Exercise prompt
The whole listing is to be returned exactly.

Recorded information
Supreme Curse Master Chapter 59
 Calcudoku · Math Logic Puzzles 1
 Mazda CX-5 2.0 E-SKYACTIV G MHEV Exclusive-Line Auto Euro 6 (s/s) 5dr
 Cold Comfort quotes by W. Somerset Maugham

Written answer
Supreme Curse Master Chapter 59
 Calcudoku · Math Logic Puzzles 1
 Mazda CX-5 2.0 E-SKYACTIV G MHEV Exclusive-Line Auto Euro 6 (s/s) 5dr
 Cold Comfort quotes by W. Somerset Maugham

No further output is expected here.